The 4‐nitro‐1H‐indole‐carboxaldehyde (NICA) molecule was characterized experimentally using FT‐IR, FT‐Raman and UV‐Vis spectra, and it was studied theoretically using DFT calculations. The optimized structure of the NICA molecule was determined by DFT calculations using B3LYP functional with cc‐pVTZ basis set. The electron localization function (ELF) and local orbital localizer (LOL) studies were performed to visualize the electron delocalization in the molecule. The experimental and theoretical wavenumbers of the title molecule were assigned using VEDA 4.0 program. The charge delocalization and stability of the title molecule were investigated using natural bond orbital (NBO) analysis.
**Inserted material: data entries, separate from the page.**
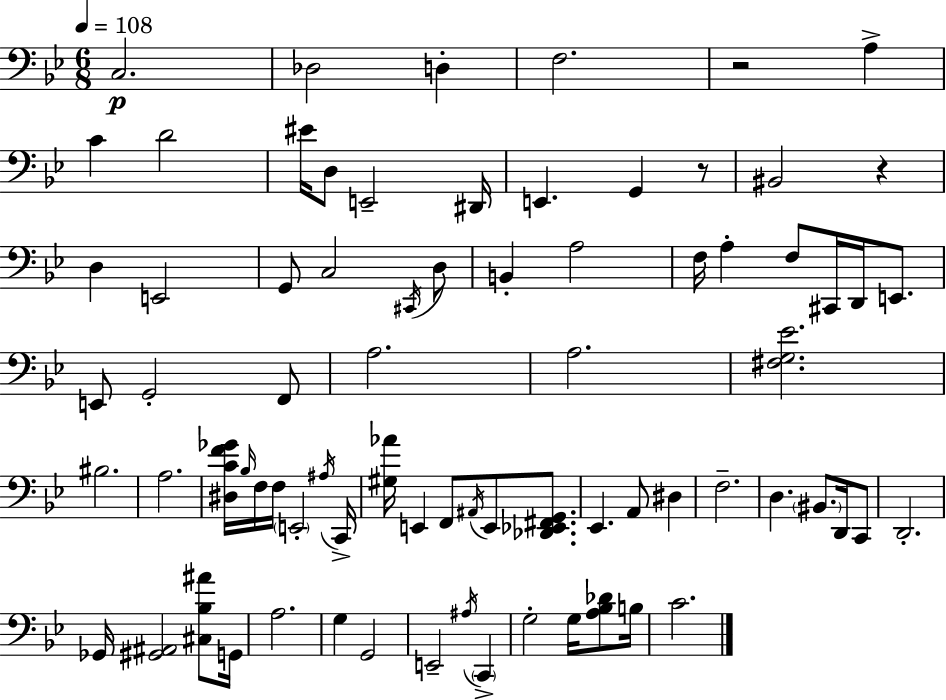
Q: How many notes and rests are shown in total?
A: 76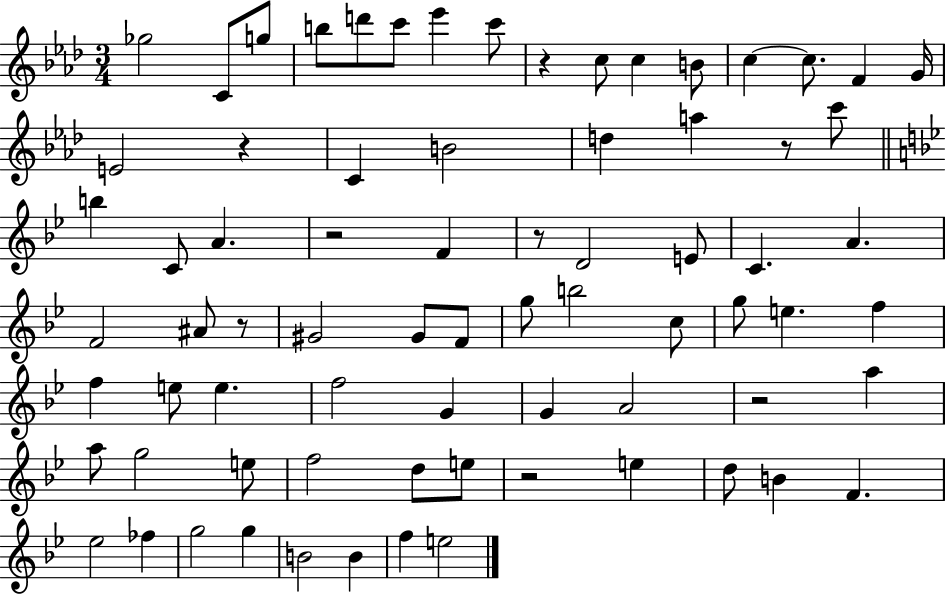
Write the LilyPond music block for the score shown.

{
  \clef treble
  \numericTimeSignature
  \time 3/4
  \key aes \major
  \repeat volta 2 { ges''2 c'8 g''8 | b''8 d'''8 c'''8 ees'''4 c'''8 | r4 c''8 c''4 b'8 | c''4~~ c''8. f'4 g'16 | \break e'2 r4 | c'4 b'2 | d''4 a''4 r8 c'''8 | \bar "||" \break \key g \minor b''4 c'8 a'4. | r2 f'4 | r8 d'2 e'8 | c'4. a'4. | \break f'2 ais'8 r8 | gis'2 gis'8 f'8 | g''8 b''2 c''8 | g''8 e''4. f''4 | \break f''4 e''8 e''4. | f''2 g'4 | g'4 a'2 | r2 a''4 | \break a''8 g''2 e''8 | f''2 d''8 e''8 | r2 e''4 | d''8 b'4 f'4. | \break ees''2 fes''4 | g''2 g''4 | b'2 b'4 | f''4 e''2 | \break } \bar "|."
}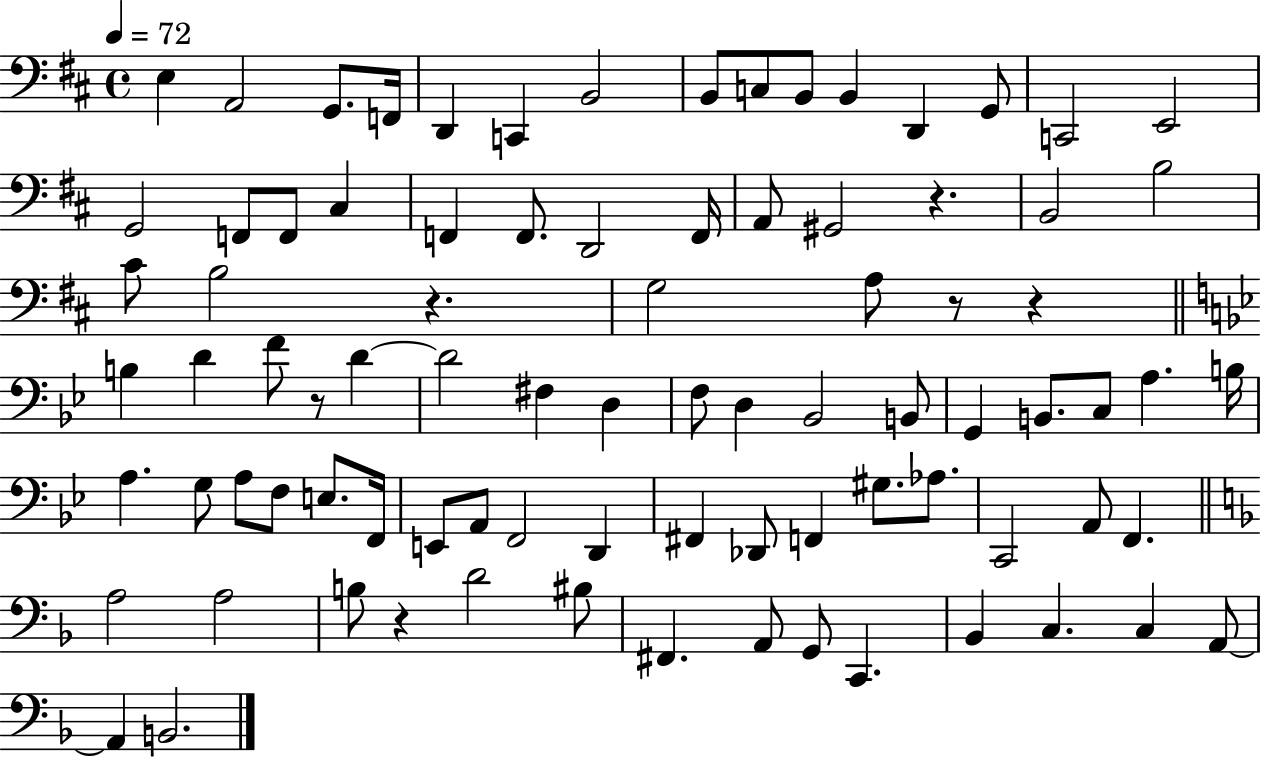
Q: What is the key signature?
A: D major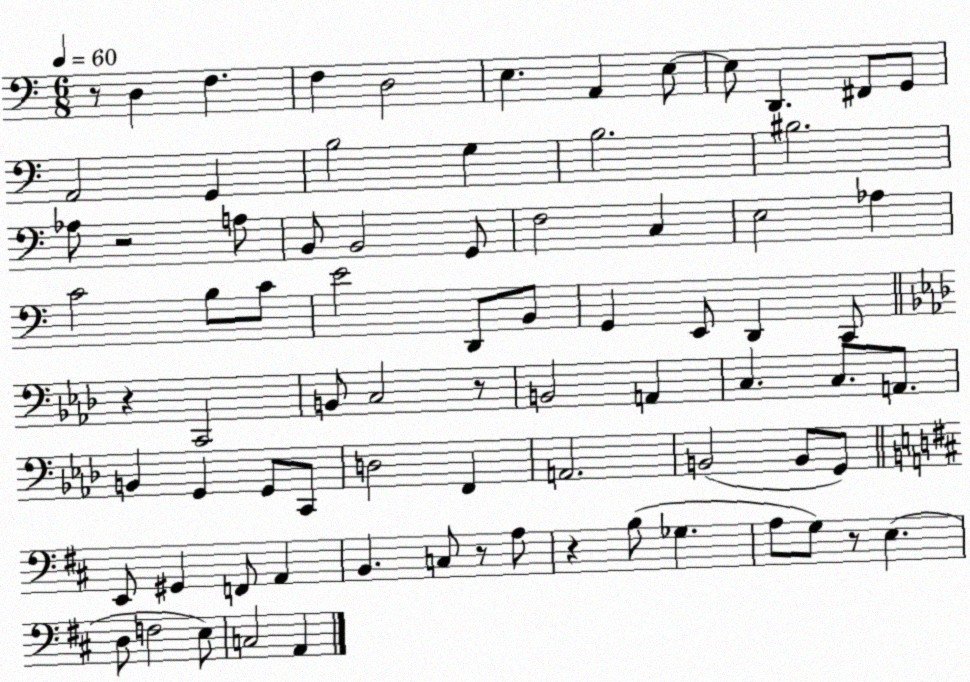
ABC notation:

X:1
T:Untitled
M:6/8
L:1/4
K:C
z/2 D, F, F, D,2 E, A,, E,/2 E,/2 D,, ^F,,/2 G,,/2 A,,2 G,, B,2 G, B,2 ^B,2 _A,/2 z2 A,/2 B,,/2 B,,2 G,,/2 F,2 C, E,2 _A, C2 B,/2 C/2 E2 D,,/2 B,,/2 G,, E,,/2 D,, C,,/2 z C,,2 B,,/2 C,2 z/2 B,,2 A,, C, C,/2 A,,/2 B,, G,, G,,/2 C,,/2 D,2 F,, A,,2 B,,2 B,,/2 G,,/2 E,,/2 ^G,, F,,/2 A,, B,, C,/2 z/2 A,/2 z B,/2 _G, A,/2 G,/2 z/2 E, D,/2 F,2 E,/2 C,2 A,,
Frontier molecular orbitals (FMOs) and related molecular properties were calculated. UV‐Vis spectrum was calculated theoretically and validated experimentally. The reactive sites of the molecule were studied from the MEP surface and Fukui function analysis. The molecular docking analysis reveals that the NICA ligand shows better inhibitory activity against RAS, which causes lung cancer. The in vitro cytotoxic activity of the molecule against human lung cancer cell lines (A549) was determined by MTT assay. Thus, the NICA molecule can be used as a potential candidate for the development of the drug against lung cancer.

中文翻译：

---

4-nitro-indole-3-carboxaldehyde：一种有效的肺癌药物的光谱表征、DFT 研究、分子对接和细胞毒性评估。
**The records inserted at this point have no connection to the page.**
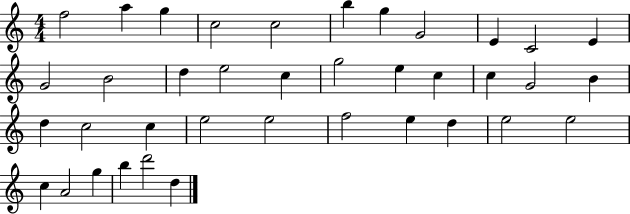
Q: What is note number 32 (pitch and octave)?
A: E5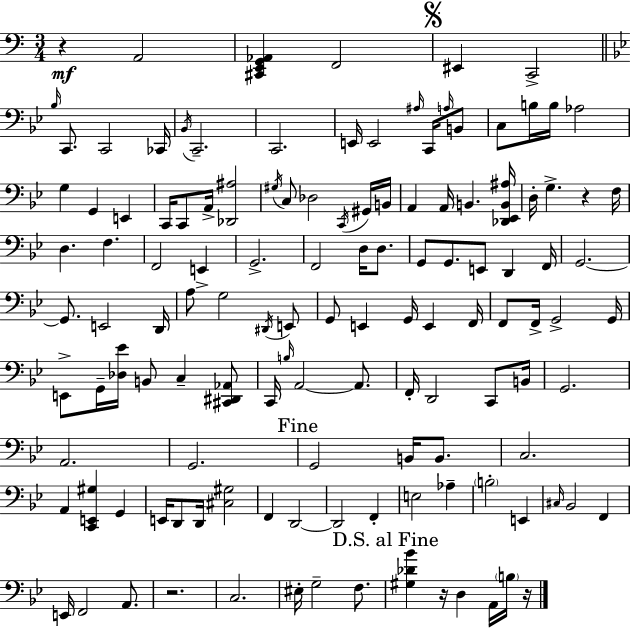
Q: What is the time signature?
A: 3/4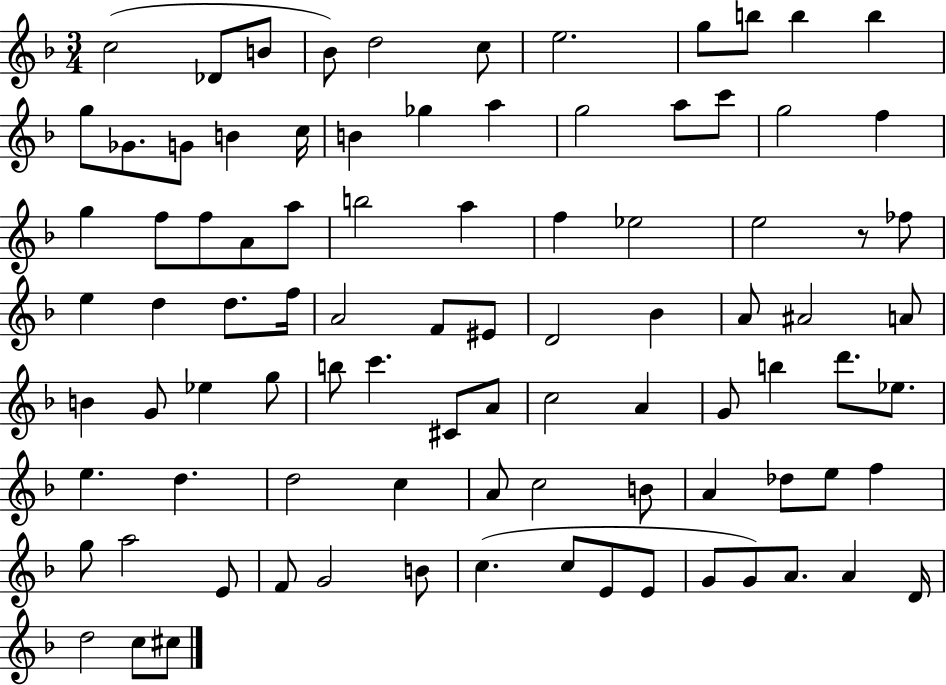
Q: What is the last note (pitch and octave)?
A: C#5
使用 FT-IR、FT-Raman 和 UV-Vis 光谱对 4-硝基-1H-吲哚-甲醛 (NICA) 分子进行了实验表征，并使用 DFT 计算对其进行了理论研究。NICA 分子的优化结构通过 DFT 计算确定，使用具有 cc-pVTZ 基组的 B3LYP 泛函。进行电子定位函数 (ELF) 和局部轨道定位器 (LOL) 研究以可视化分子中的电子离域。使用 VEDA 4.0 程序指定标题分子的实验和理论波数。使用自然键轨道 (NBO) 分析研究了标题分子的电荷离域和稳定性。计算了前沿分子轨道（FMO）和相关的分子性质。UV-Vis光谱通过理论计算和实验验证。从 MEP 表面和 Fukui 函数分析研究了分子的反应位点。分子对接分析表明，NICA 配体对导致肺癌的 RAS 具有更好的抑制活性。该分子对人肺癌细胞系（A549）的体外细胞毒活性通过MTT法测定。因此，NICA 分子可用作开发抗肺癌药物的潜在候选者。